Funk and Architecture
This Friday, Nik Bärtsch’s Ronin is finishing their American tour at San Francisco’s acoustically delicious Yerba Buena Center. I’m got two tickets and I’m psyched, far more than I usually am these days, and especially with an act I’ve never before seen live. I was going to wait and write about the show and the album together, but ECM’s friendly and excellently named Tina Pelikan asked me to pump the performance for all you locals, so here’s the pump.
Nik Bärtsch’s Ronin is a Swiss act that plays a modular, intricately looped minimalist groove music they call “Zen-funk,” although another one of their tags—“Ecstasy through Asceticism”—is equally apt. The group is led by—you guessed it—Nik Bärtsch, a composer, pianist and percussion nut based in Zurich and Berlin. Stoa, their first ECM record, came out a couple of years ago, and it was haunting and propulsive, but the new album Holon is both groovier and more conceptually realized. Along with Bärtsch, who has abandoned the Rhodes he played so spookily on Stoa for acoustic piano, there’s an amazing drummer (Kaspar Rast), an amazing bassist (Björn Meyer), a solid reeds-man with a single name (Sha), and a brilliant percussionist named Andi Pupato who I look forward to seeing live in order to understand what sort of jungle rattles conjure all those shimmers and shakes.
There is a definitely a formula at work here, a cellular architecture of sound construction that Bärtsch calls “modules.” Simple phrases and modal motifs are established, looped and slowly embellished in a “spiral continuum” over rhythms that spurn the 4/4 in favor of 5 or 7 (I think) or polymetric layers of 2 against 3. Listening to this stuff, I am reminded of Dave Brubeck, Steve Reich, other ECM space jazz, even some John Carpenter spooky soundtrack shit. It’s organic, but without the hazy, fuzzy romanticism that word can conjure. It’s organic, not in the way that bees bumble through the flowers, but in the way crystals grow, deep in the mountain.

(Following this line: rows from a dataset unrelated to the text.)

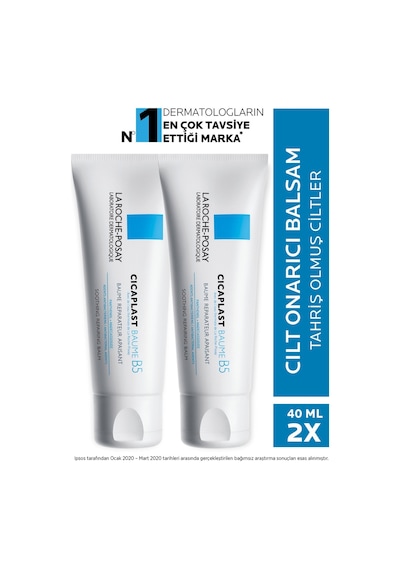 La Roche Posay Cicaplast Baume B5 Onarıcı Bakım Kremi 2 x 40 ML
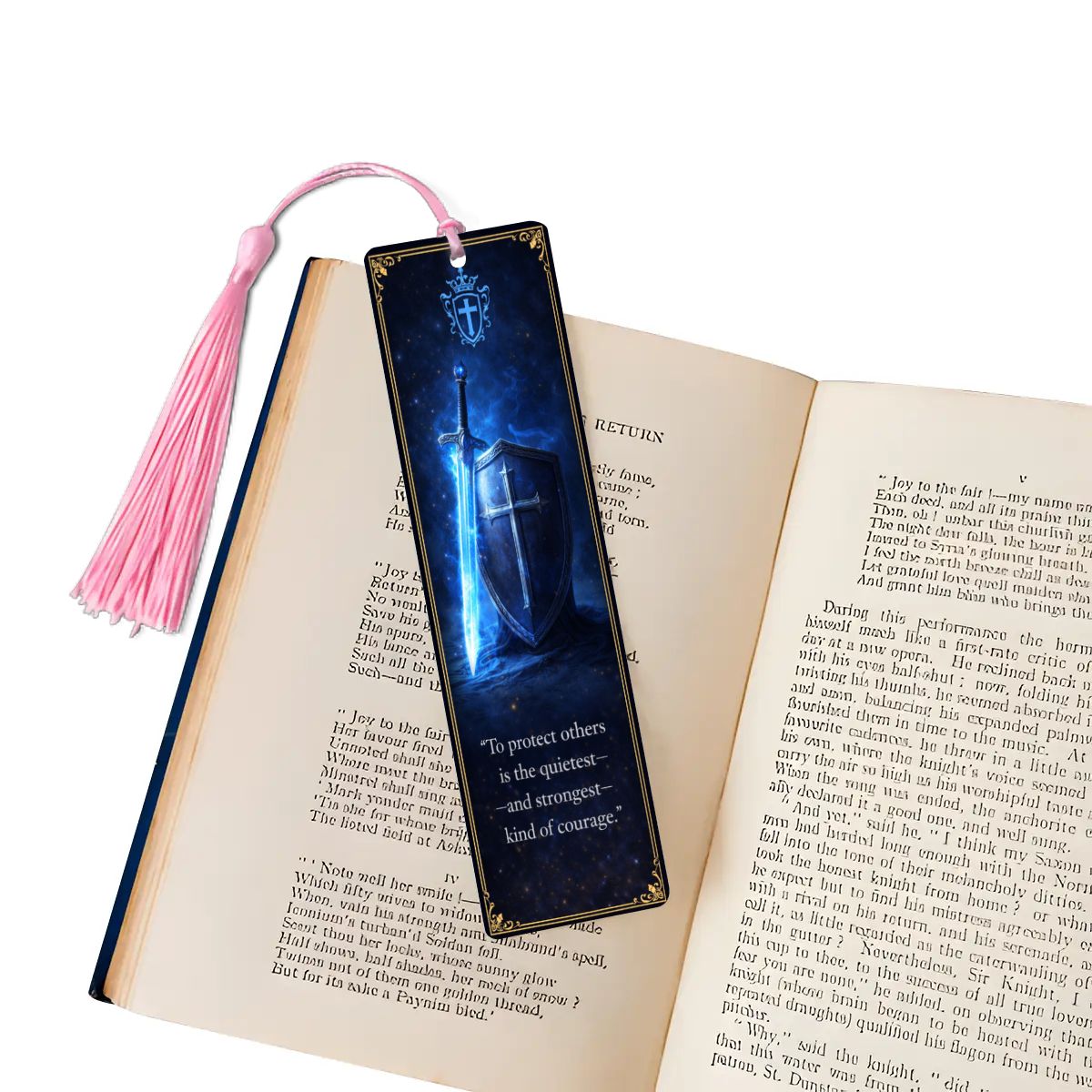 Wooden Bookmark Blue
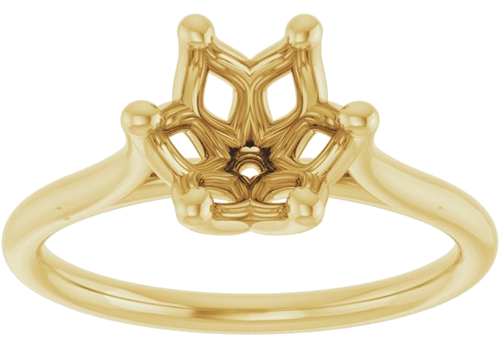 Sužadėtuvių Žiedas „Solitaire“ 585 Geltonojo Aukso Round 7.4mm (3)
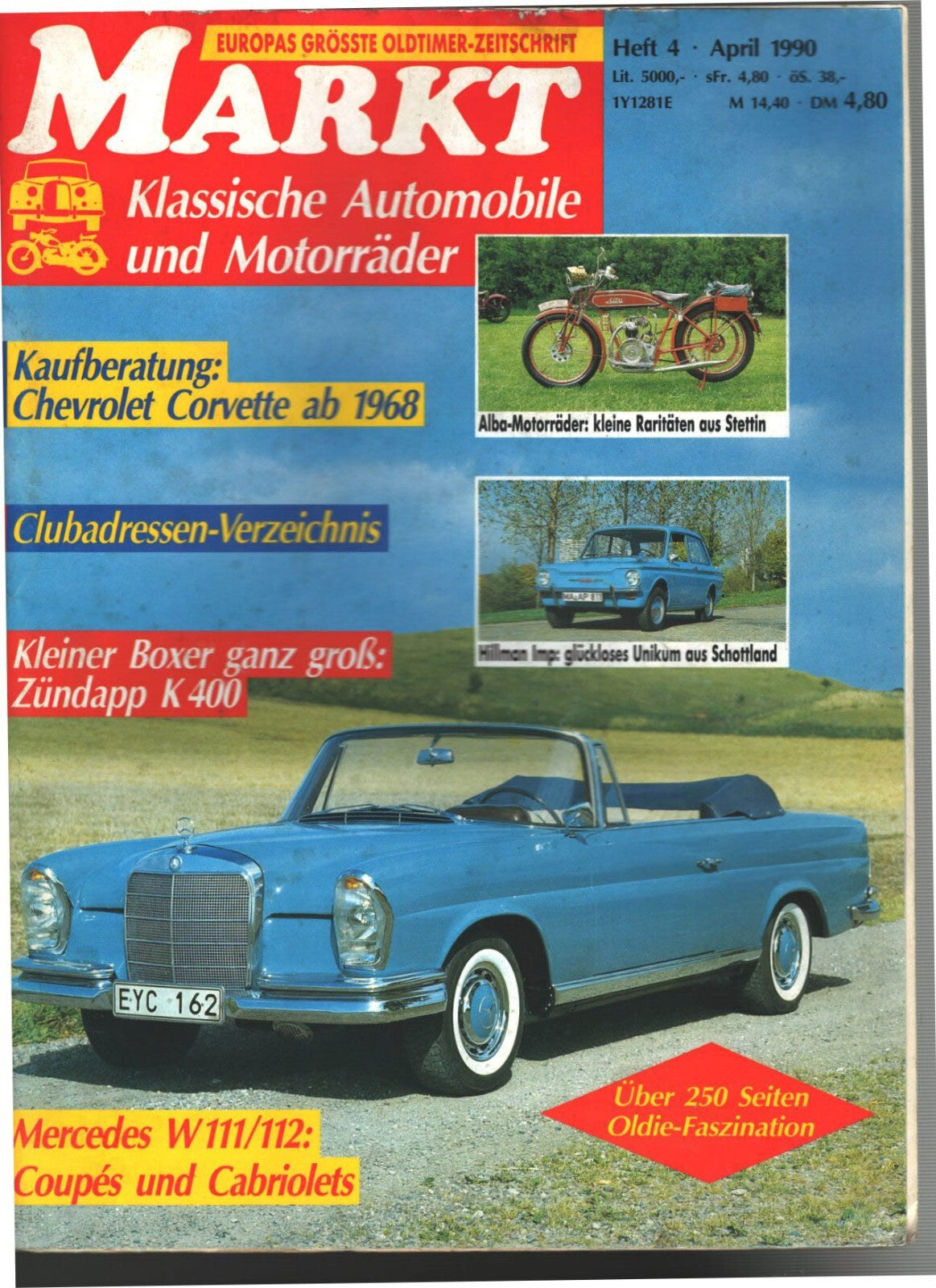 Oldtimer Markt Heft 4/1990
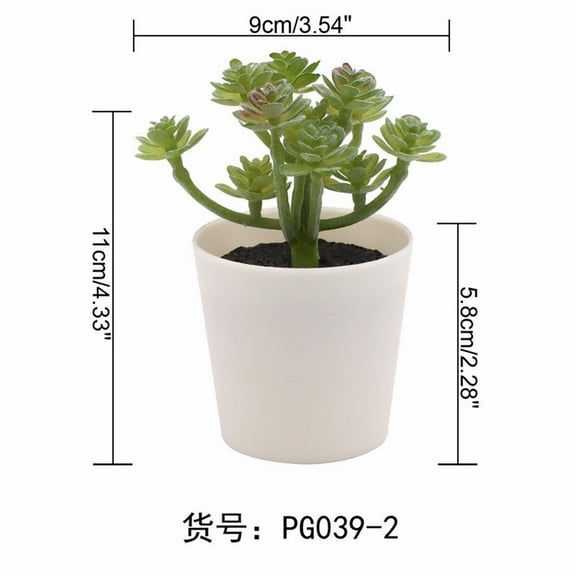 Casaio Artificial Potted Plants Uguisu Small Mini Plants Succulents Artificial Succulents Plastic Simulation Plants Pots Bathroom Farmhouse Cubicle Decoration. Faux Plants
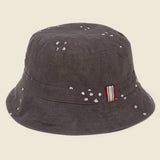 Bandhani Reversible Bucket Hat - Indigo/Charcoal Dot - Kardo - STAG Provisions - Accessories - Hats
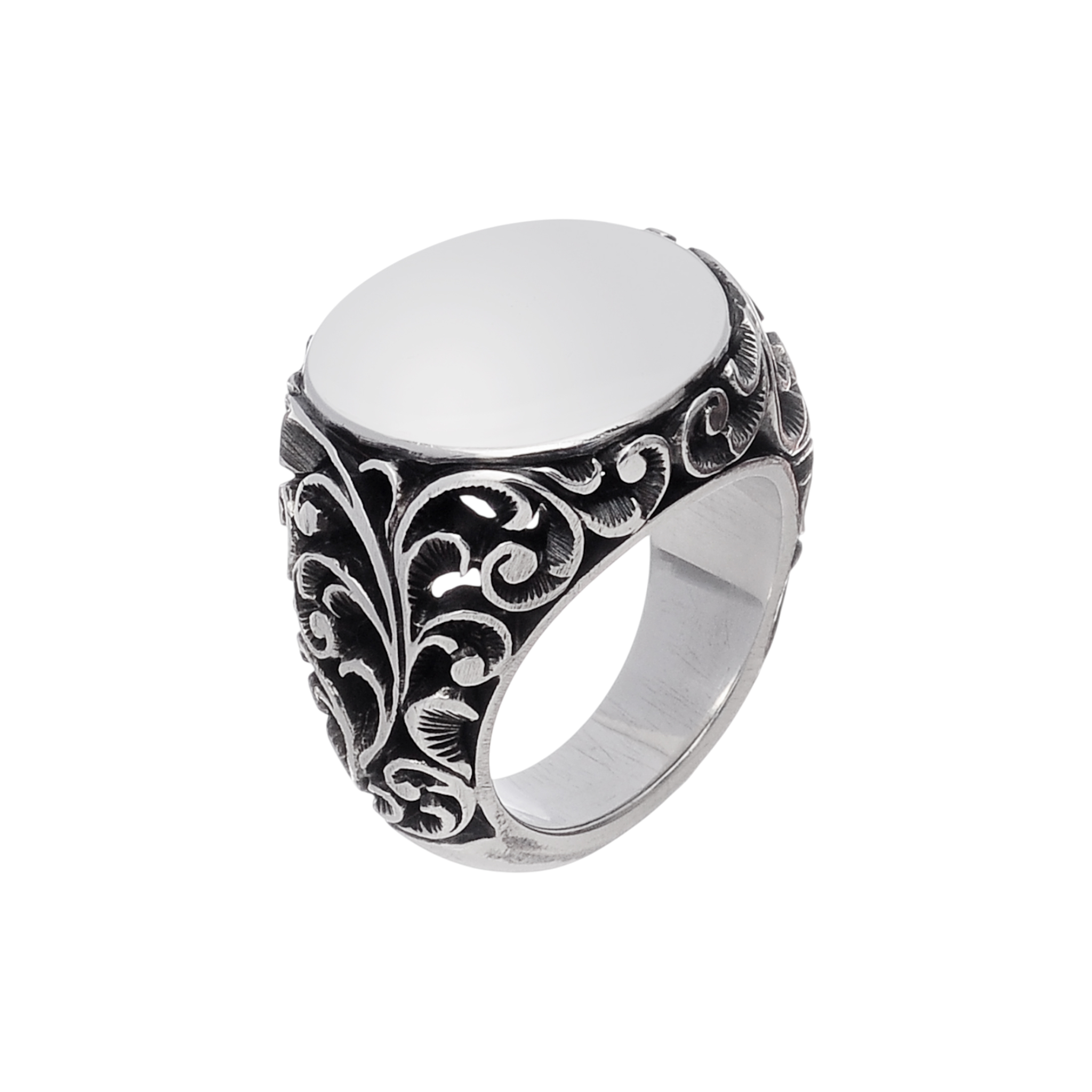 MARIA E LUISA JEWELS Chevalier Satin con argento misura 15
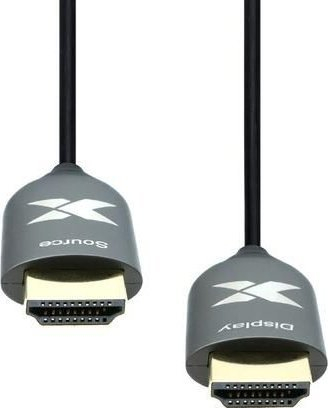 Кабел HDMI ProXtend 2.0 AOC, 4K 60Hz, оптичко влакно, сив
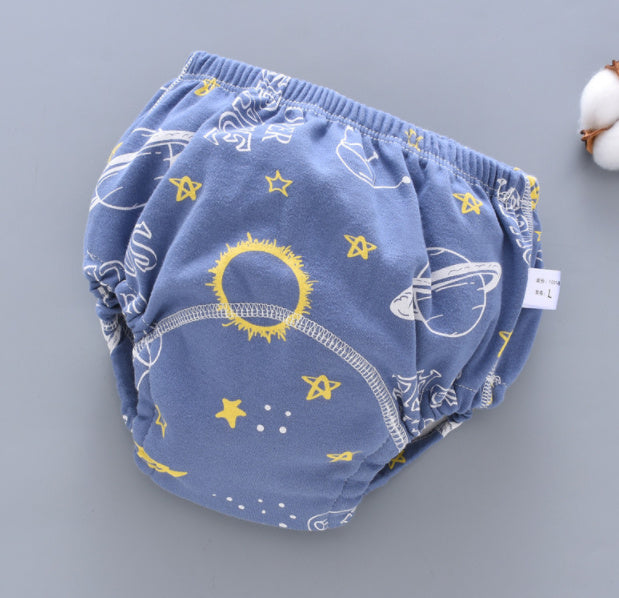 Baby Training Pants Washable 6-layer Gauze Diaper Cover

You’ve got to hand it to ECM—they have been honing their vibe for so long that, even though they put out straight jazz, classical and early music, neuvo art stuff, and supperclub soundtracks, all their releases somehow exist in the same branded sound universe, a land of fjords and northern lights and silver monuments under cool grey skies. The label is not without flaws—the glossy production can succumb to a garish fetish for the tastee, and the saxophones especially are wont to sail away into smooth yazz limbo. But the label manages to put out a good handful of genuinely innovative albums every friggin year, and each one manages to sound like nothing else but still sound like ECM.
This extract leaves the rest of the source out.